It might be better to think of japan and anime. People dismissed its cultural products in the 1980s but now anime and manga are universally accepted as an example of its soft power. And we in the west only see a tiny portion of its total output – there is so much utter shit in the world of manga, but you need oceans of the stuff to produce one nausicaa.

22

Peter T 01.12.19 at 3:37 am

Isn’t this just an instance at a particular scale of the fact that in any system of cooperative production, any particular individual contribution (and therefore reward) is almost impossible to measure? If I buy anything made by a company I support the workers, but also the useless dick of a CEO and his drone cronies, and some people who get paid very little but whose contribution to the product may well be vital. I’m buying the output of an ecosystem of production – very often multiple interlinked ecosystems (as the UK and the US are finding out).

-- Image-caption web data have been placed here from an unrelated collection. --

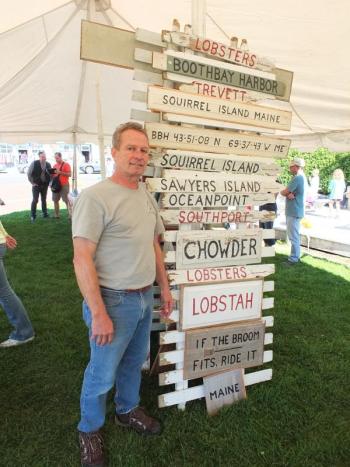 Ed Phelps sells his rustic local signs, made from reused fence posts and old oars. RYAN LEIGHTON/Boothbay Register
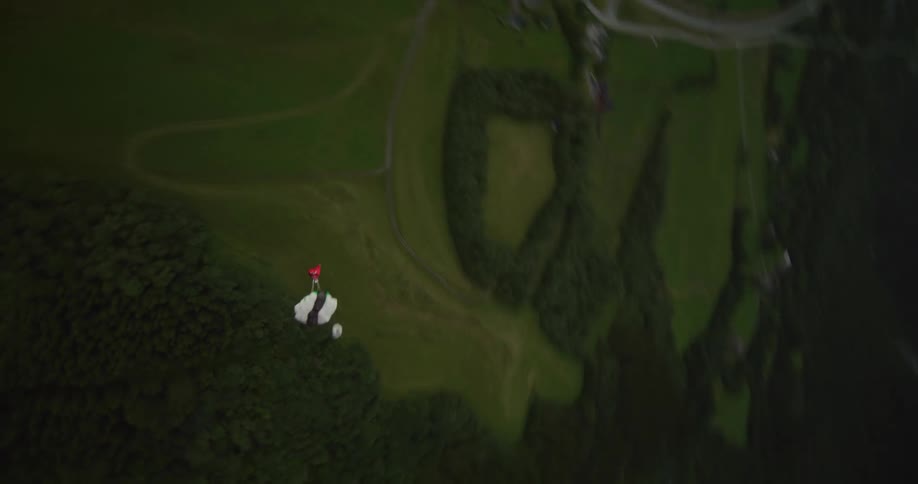 A person wearing a wingsuit is flying over a mountain river valley as they open their parachute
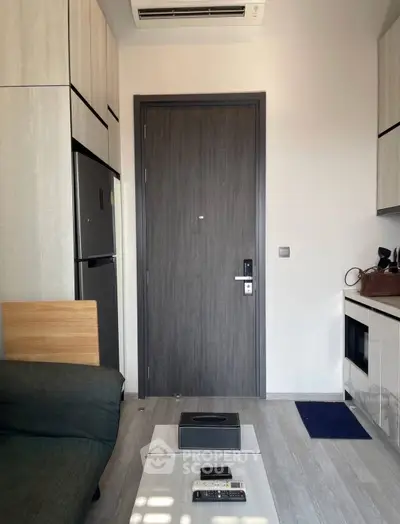 Modern apartment interior with sleek kitchen and cozy living area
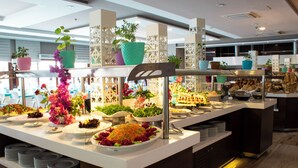 A buffet setup with various food items and decorative plants. - Doramar Resort Aqua Tatilkoyu (Erdemli)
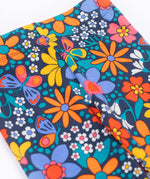 A close up of the waistband on the top of the A close up of the print on the Frugi Retro Floral Leona Organic Cotton Kids' Leggings. A navy coloured legging with a bright multicoloured retro style flower print all over. These leggings are part of a wide range of organic cotton clothing for children available here at Babipur. 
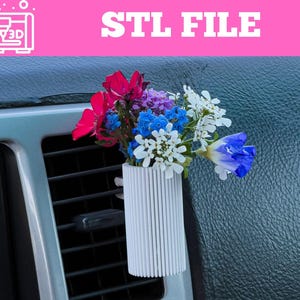 May include: A white, ribbed, 3D-printed car vent vase holding a colourful bouquet of flowers. The flowers include red, blue, purple, and white blooms. The text "STL FILE" is displayed in white on a pink background.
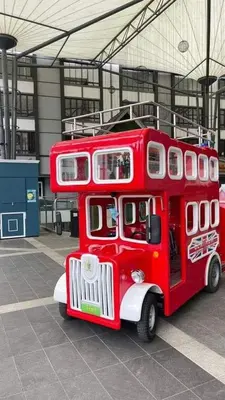 a red bus is parked in a building at Astana D'Cameron Homestay in Brinchang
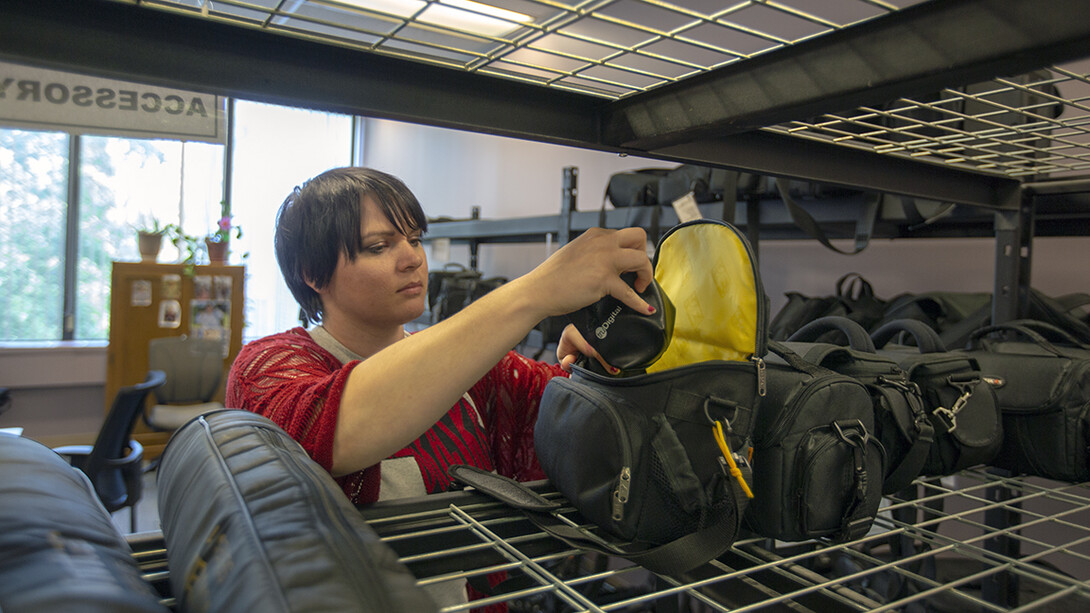 Miranda McCown, media operations supervisor, examines a camera before it is checked out from the Media Services unit within Love Library. The checkout service is located in on the second floor of Love Library North, Room 202.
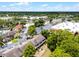 Aerial view of townhomes in a community with retail close by and beautiful wooded land at 179 Crown Point Cir, Longwood, FL 32779
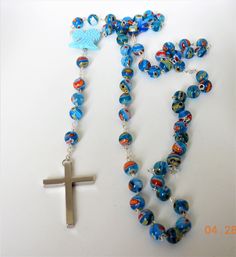 "This is a beautiful handmade traditional light blue bead Murano glass rosary/necklace with beautiful hand-carved \"real\" turquoise angel wings 20mm in size. This piece is a rosary necklace that is made out of stainless steel and authentic Murano glass beads. The glass beads are approximately 8 mm. The cross is stainless steel and all the connectors between each multi-stone bead are made out of stainless steel as well. The necklace measures 22 inches long with a 2\" cross. If you would like it Blue Crucifix Necklace For Spiritual Wear, Blue Crucifix Necklace For Spiritual Purposes, Handmade Blue Rosary For Jewelry Making, Handmade Blue Crucifix Jewelry, Blue 108 Beads Spiritual Rosary, Spiritual Blue Rosary With 108 Beads, Blue Spiritual Rosary As A Gift, Spiritual Rosary With Large Beads As Gift, Turquoise Rosary With Round Beads As Gift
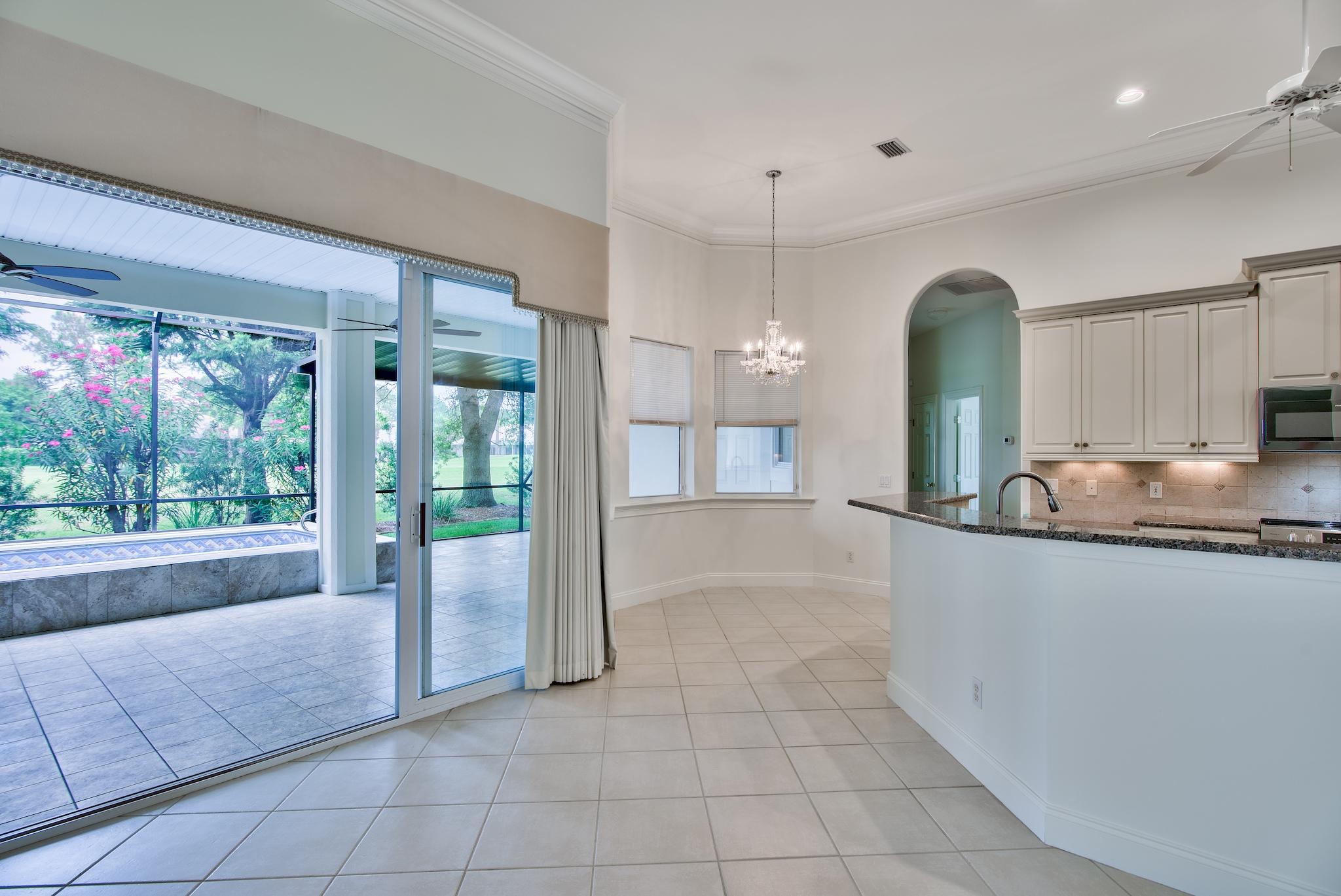 359 Indigo Loop Miramar Beach, FL 32550 - Photo 2 of 47 a large kitchen with granite countertop a large window and a counter space
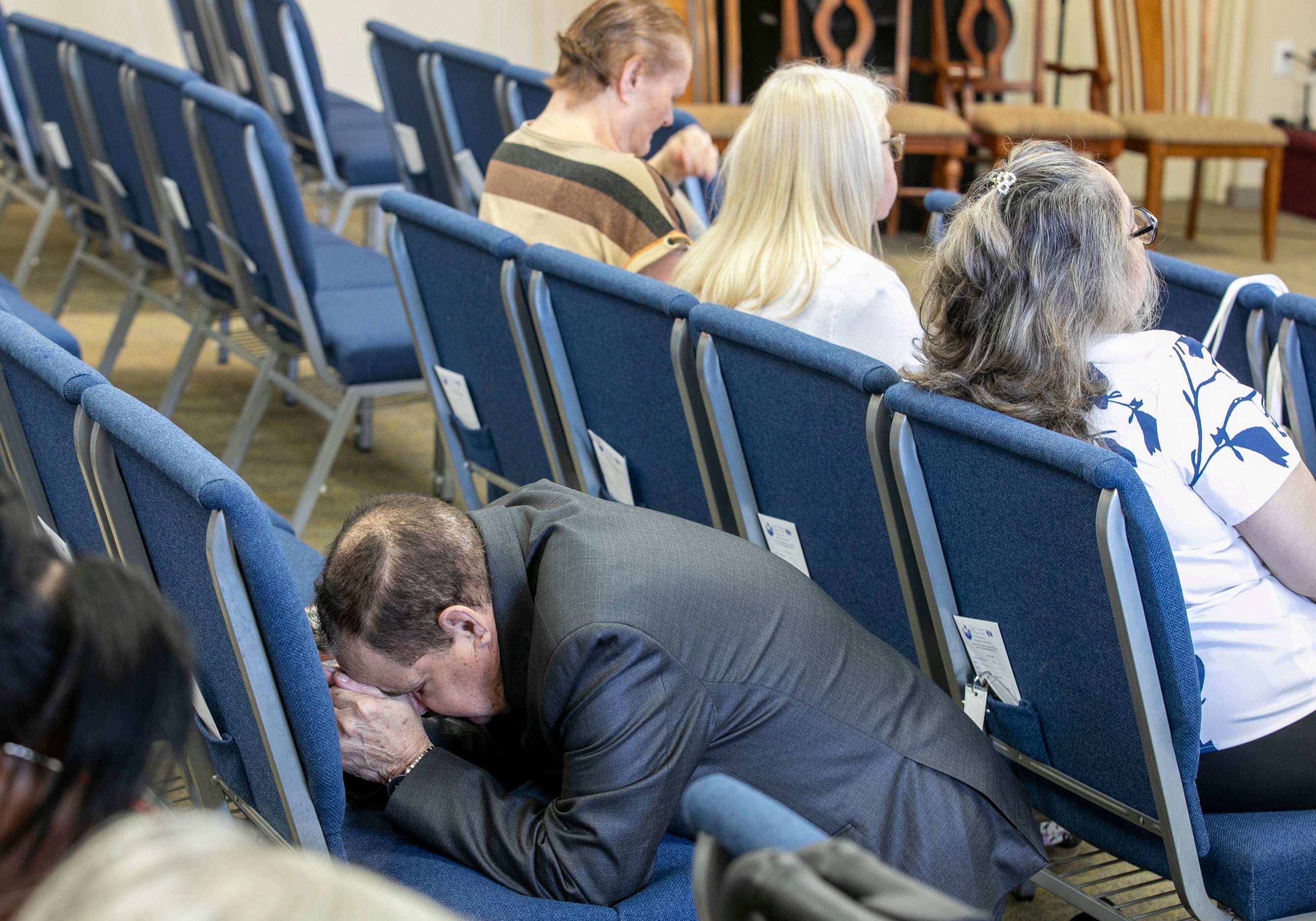 A congregant kneels in prayer at the Centro Cristiano El Pan de Vida, a mid-size Church of God of Prophecy congregation, in Kissimmee, Florida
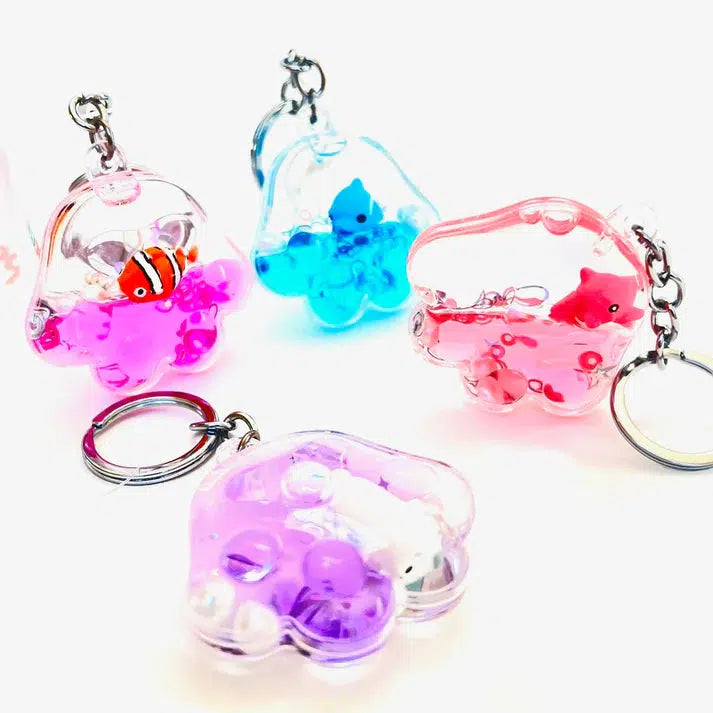 Four transparent FLOATY KEY CHARMS in pink, blue, and purple, each holding small animal figures and liquid inside. Two keychains feature fish and two showcase silly penguins, all surrounded by tiny bubbles for a playful touch.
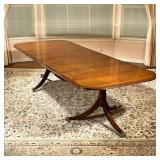 DOUBLE PEDESTAL DINING TABLE | Mahogany and burlwood veneer top, two pedestal sections raised on tri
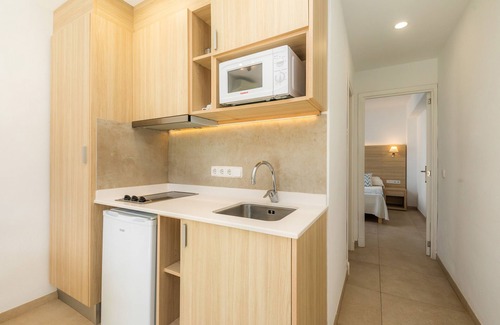 Cala Ferrera Appartement | Appartement 'Aquamarina 3' avec piscine partagée, Wi-Fi et climatisation.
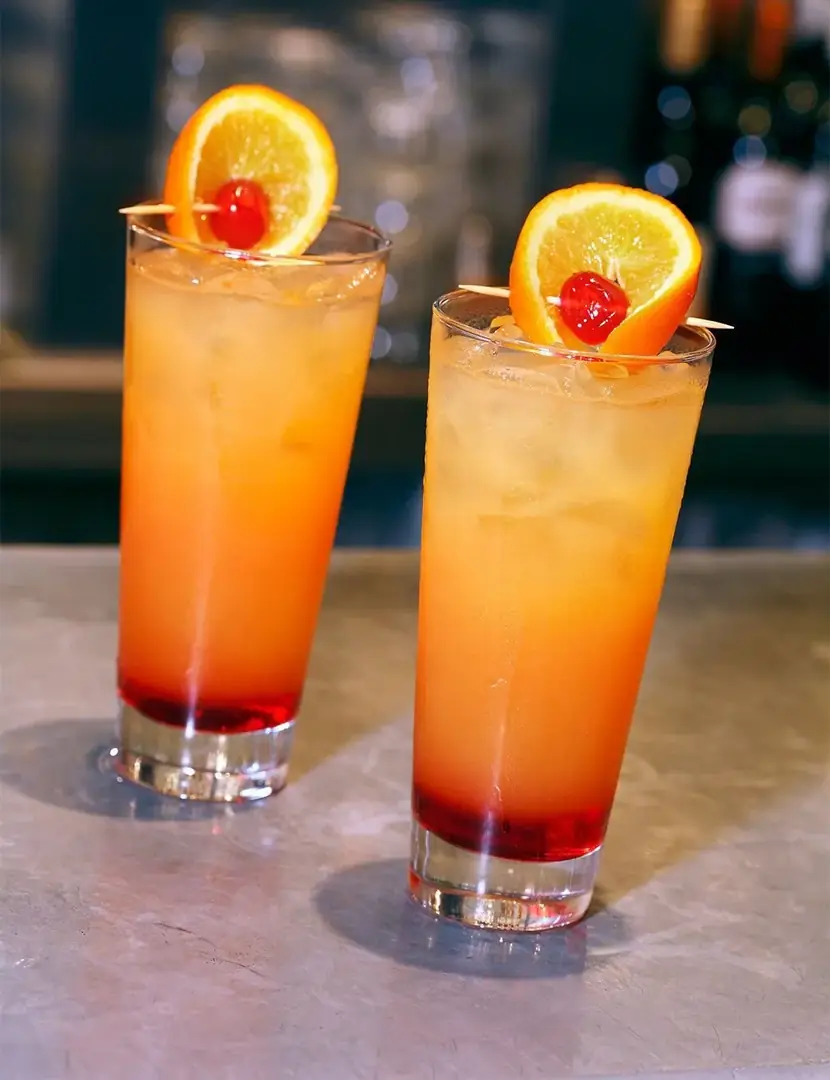 Dos cócteles naranja con rodaja de naranja y cereza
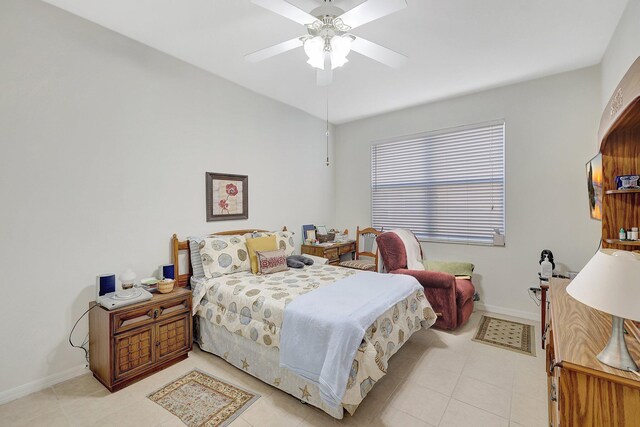 bedroom with a ceiling fan and baseboards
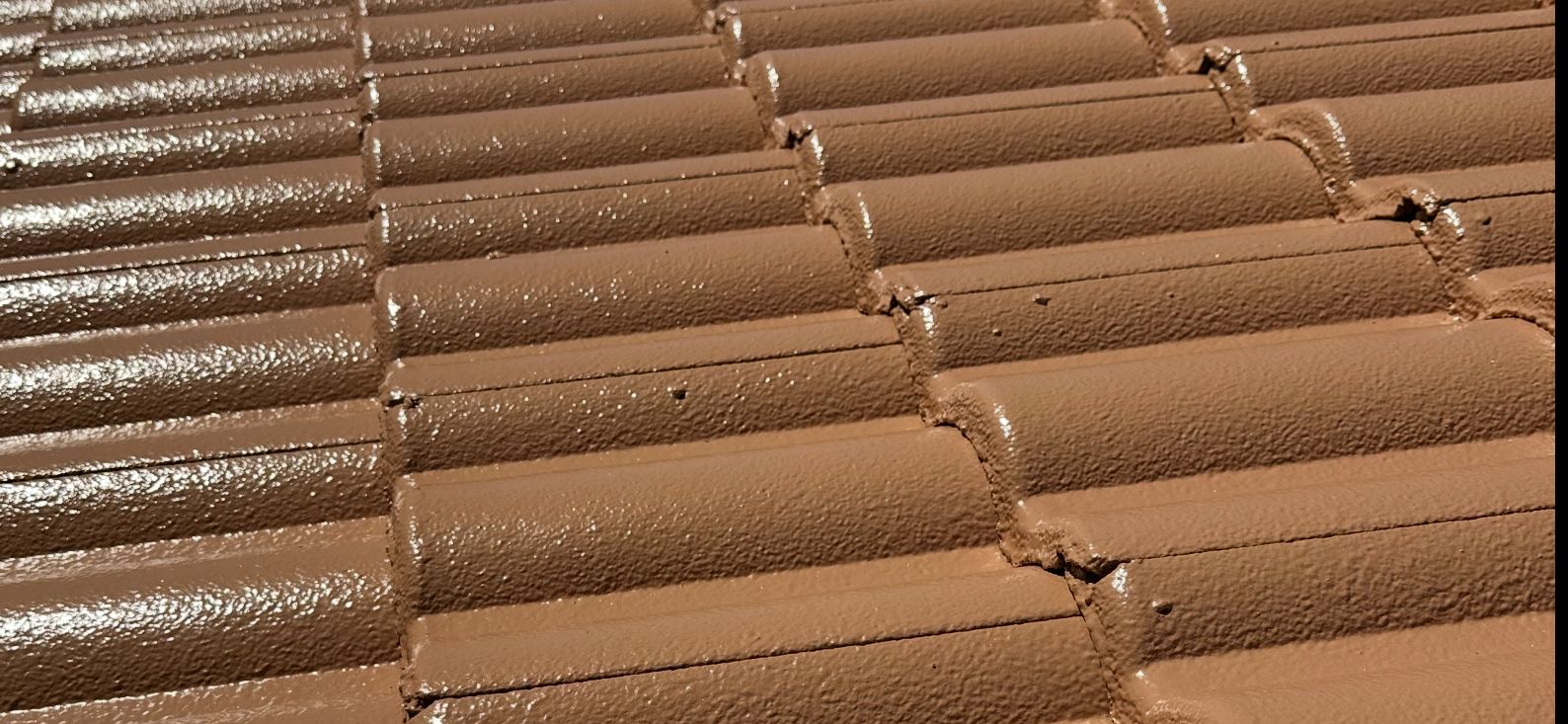 Close-up of brown roof tiles with a textured surface, possibly ceramic — Roof Tek CQ in Gracemere, QLD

People will pay for valuable things – yes. But we have found by experiment that the social security, education, healthcare, defence, infrastructure, basic science (and much applied), the arts, the humanities and a large part of housing are ecosystems that, although valuable, cannot live by direct payment in return for value at the individual level.

23

Joseph Brenner 01.12.19 at 3:53 am

Punk rock could get started in the lower-east side of Manhattan because the post-WWII suburban white flight and the economic mess the 70s opened up cracks that it could grow in. Now that people are coming to their senses about the true value of suburbia and post-gentrification New York is booming, many things have no doubt gotten better… but there is no way anything like a punk rock scene is going to develop there.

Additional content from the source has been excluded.